**WHAT TO WORK ON**
Print only the lines running from the line with "Magi - Labyrinth" to the final line below, both included, exactly as written and without the pictures.

Data items:
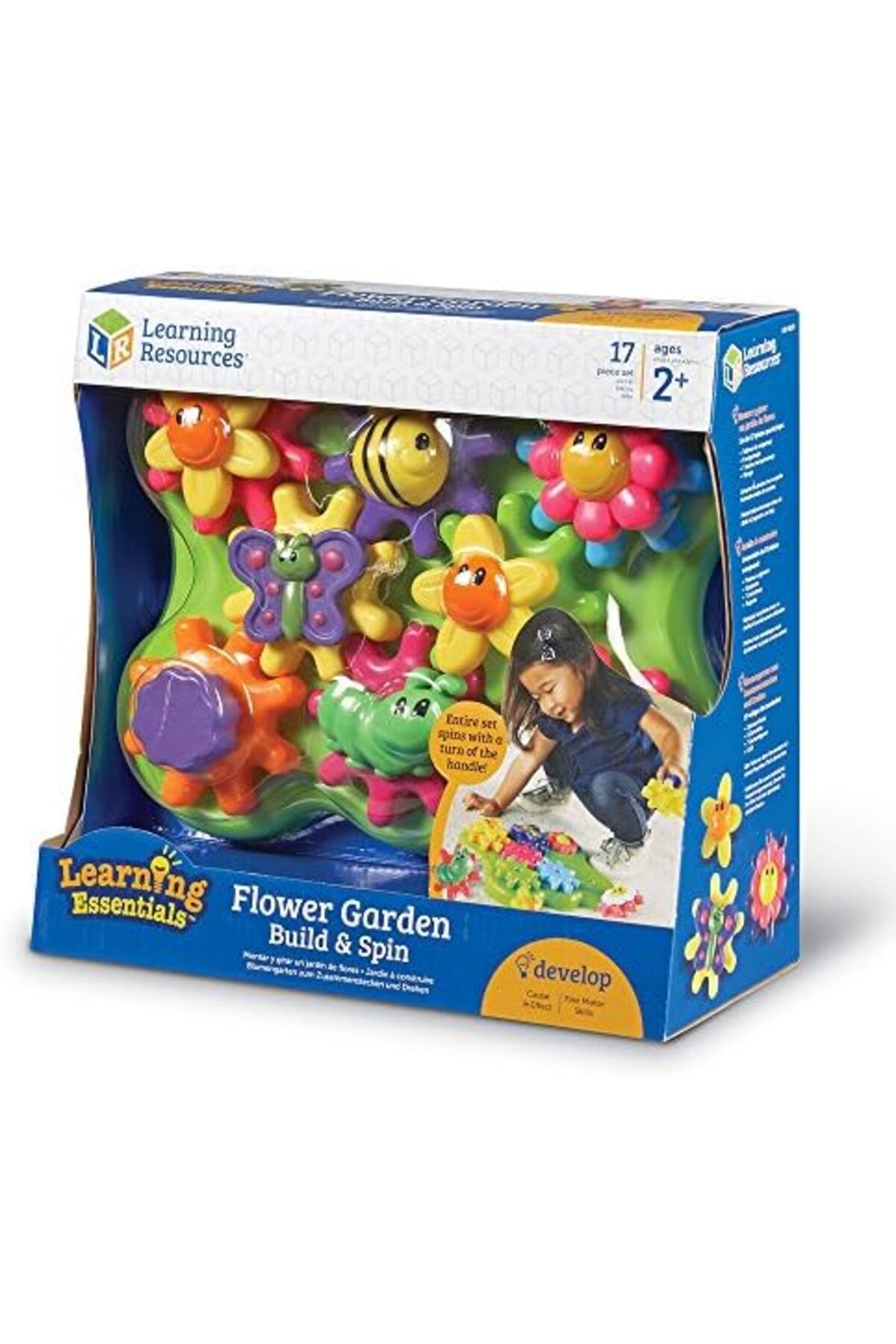 ساخت و چرخش باغ گل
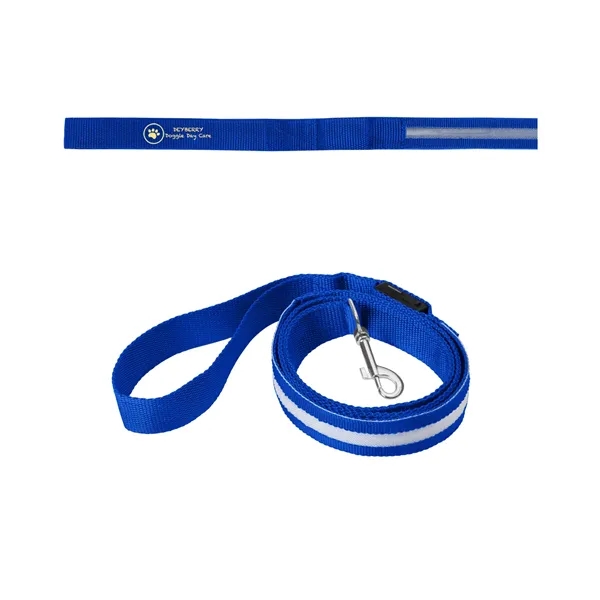 Rechargeable LED Light-Up Dog Leash - Rechargeable LED Light-Up Dog Leash - Image 10 of 23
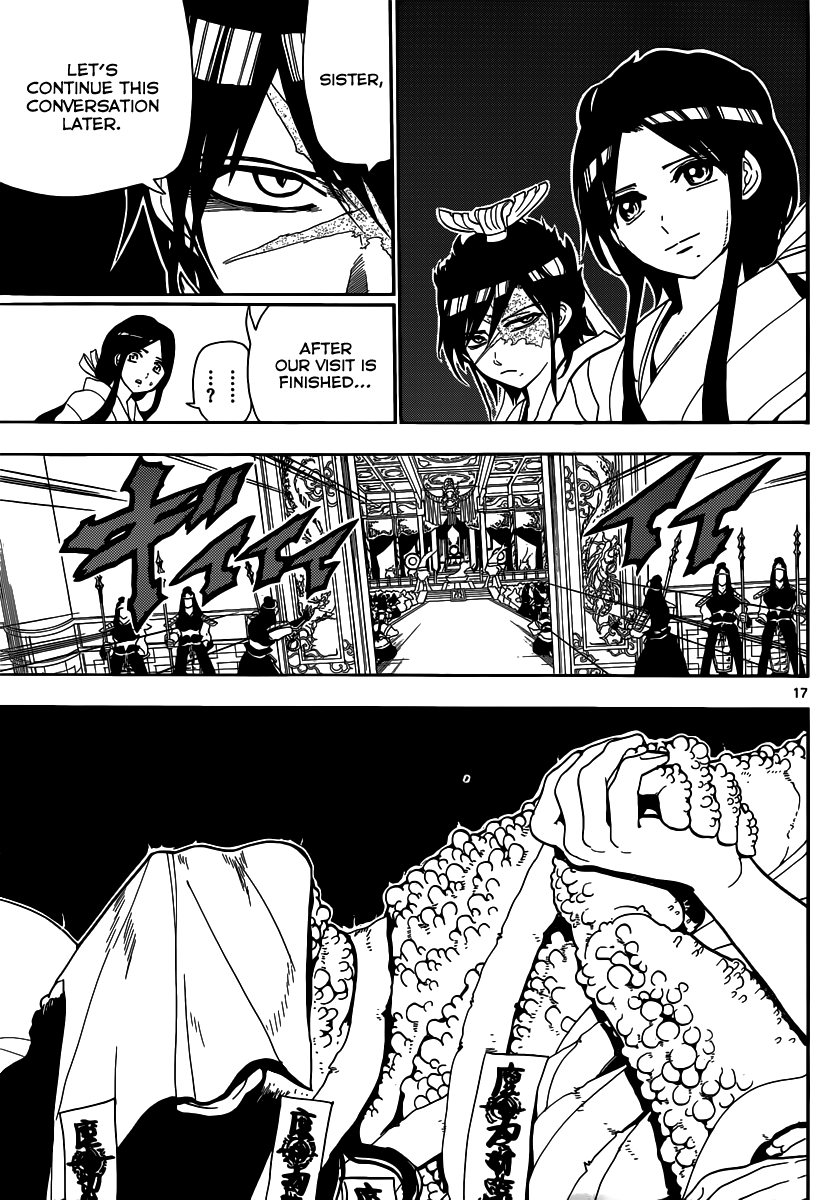 Magi - Labyrinth of Magic Chapter 146 page 18 - Chapter 146: One World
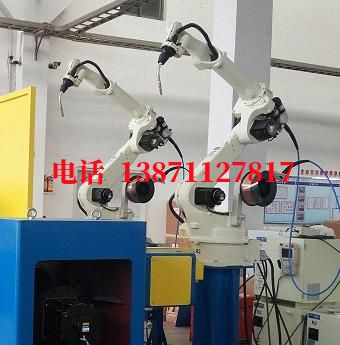 宁化弧焊机器人工作站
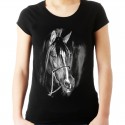 Koszulka z koniem Arabem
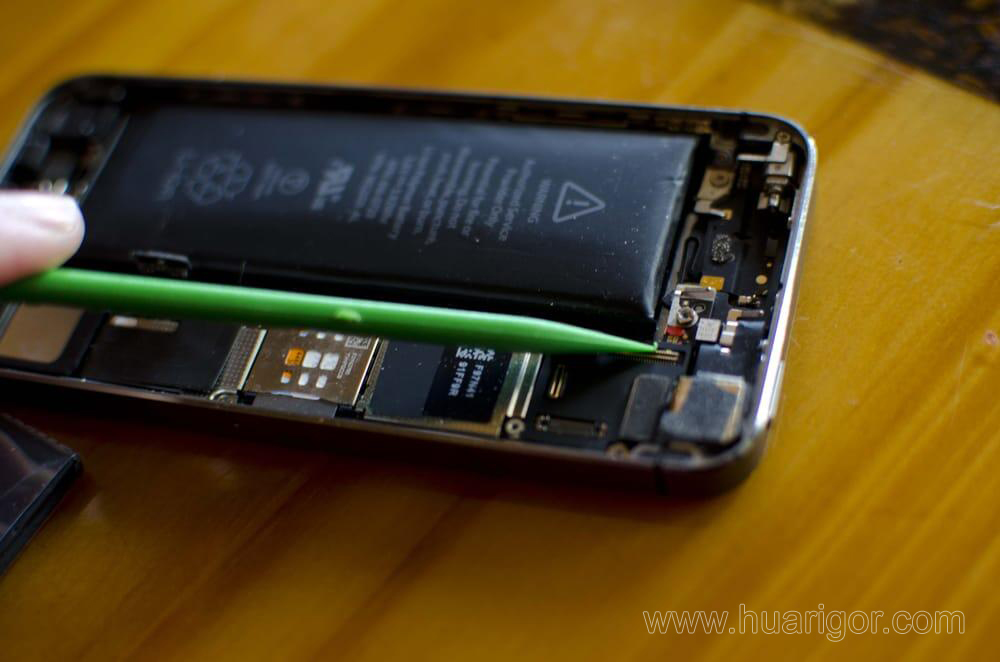 expanded mobile phone battery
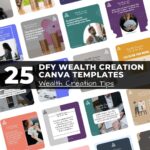 Canva Templates on Wealth Creation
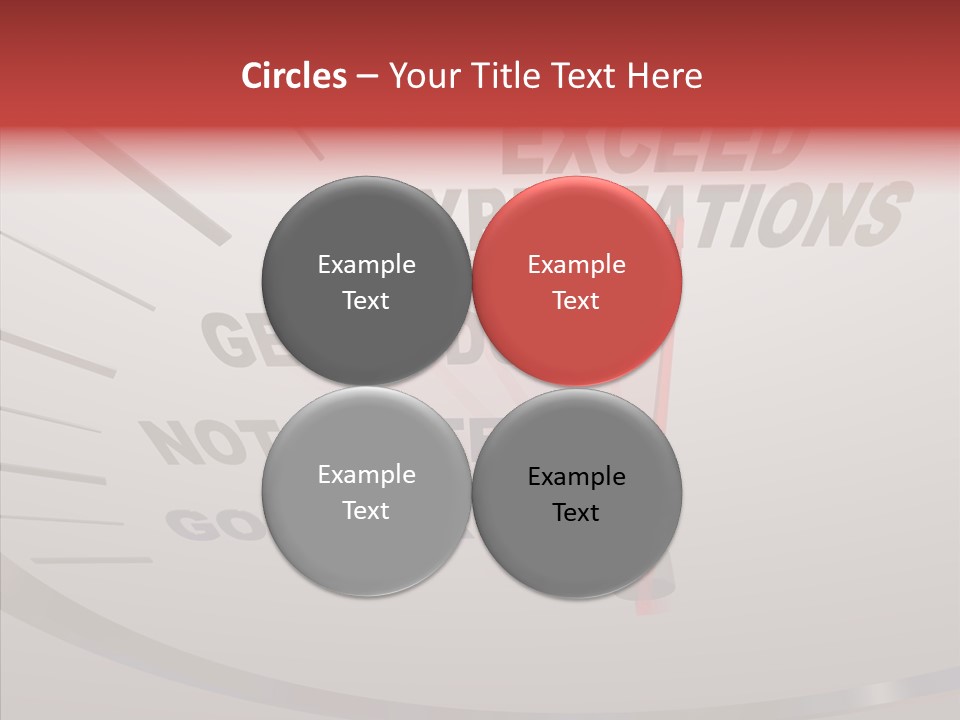 Rise Results Business PowerPoint Template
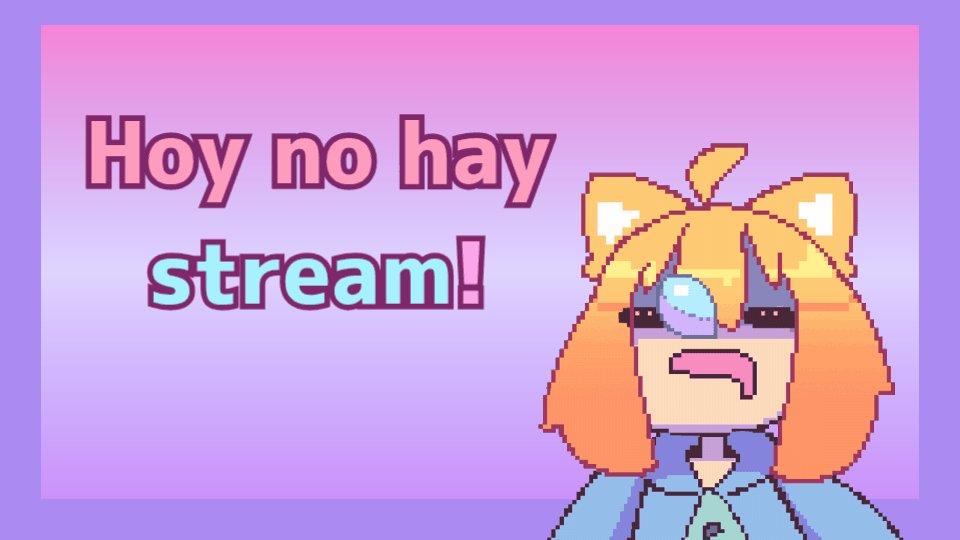 ( ´ ▿ ` ) había dicho que habría stream hoy pero lo pospongo a mañana,quiero enfocarme para ya presentar el spookypioka y preparar mis siguientes comisiones,además estoy un poco cansada y me faltan hacer unas cosas en la gato cueva.
Nos vemos mañana,¿si?✨🎃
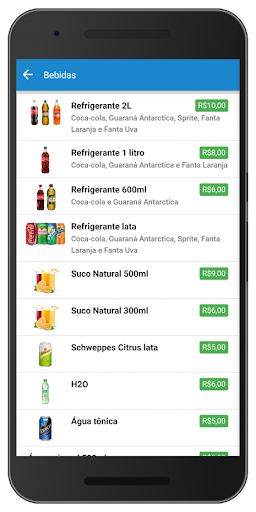 Casa da Vovó Delivery Screen 2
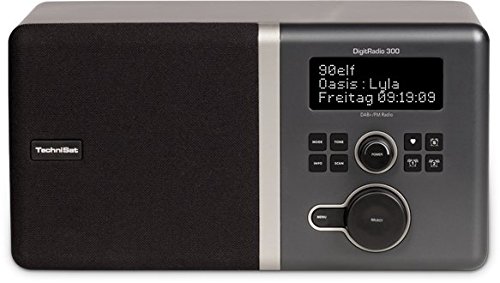 Preisvergleich Produktbild TechniSat© DigitRadio 300 schwarz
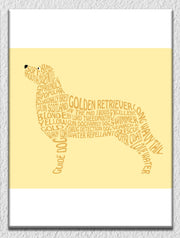 Dog Names Wall Art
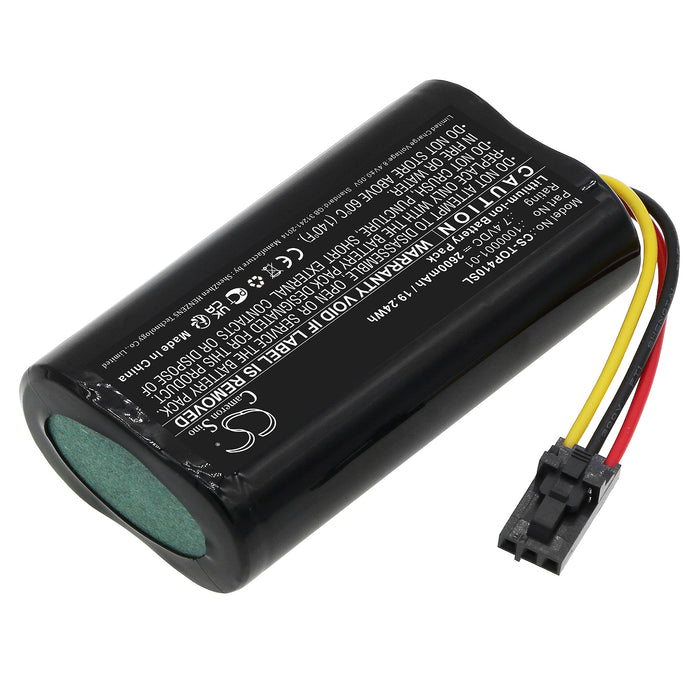 CS-TOP410SL : Battery for Topcon SR GPS, Hiper GPS SR, TPSWT41 - Replaces Topcon 1000001-01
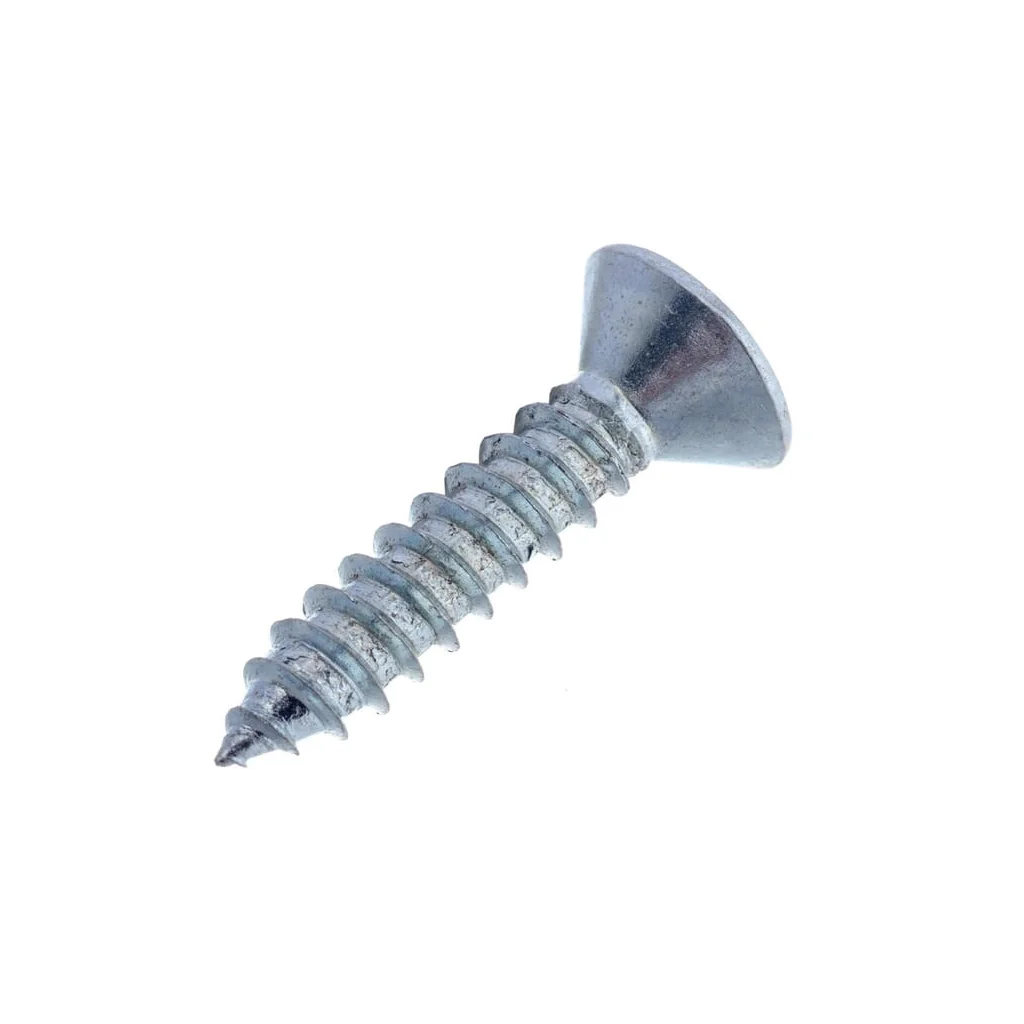 [AMAT2-199150] Șurub pentru tablă autofiletant cap înecat în cruce PZ2 DIN7982C 4,8x22mm oțel zincat Kramp 7982C4822P200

**EXPECTED OUTPUT**
 Magi - Labyrinth of Magic Chapter 146 page 18 - Chapter 146: One World
 宁化弧焊机器人工作站
 Koszulka z koniem Arabem
 expanded mobile phone battery
 Canva Templates on Wealth Creation
 Rise Results Business PowerPoint Template
 ( ´ ▿ ` ) había dicho que habría stream hoy pero lo pospongo a mañana,quiero enfocarme para ya presentar el spookypioka y preparar mis siguientes comisiones,además estoy un poco cansada y me faltan hacer unas cosas en la gato cueva.
Nos vemos mañana,¿si?✨🎃
 Casa da Vovó Delivery Screen 2
 Preisvergleich Produktbild TechniSat© DigitRadio 300 schwarz
 Dog Names Wall Art
 CS-TOP410SL : Battery for Topcon SR GPS, Hiper GPS SR, TPSWT41 - Replaces Topcon 1000001-01
 [AMAT2-199150] Șurub pentru tablă autofiletant cap înecat în cruce PZ2 DIN7982C 4,8x22mm oțel zincat Kramp 7982C4822P200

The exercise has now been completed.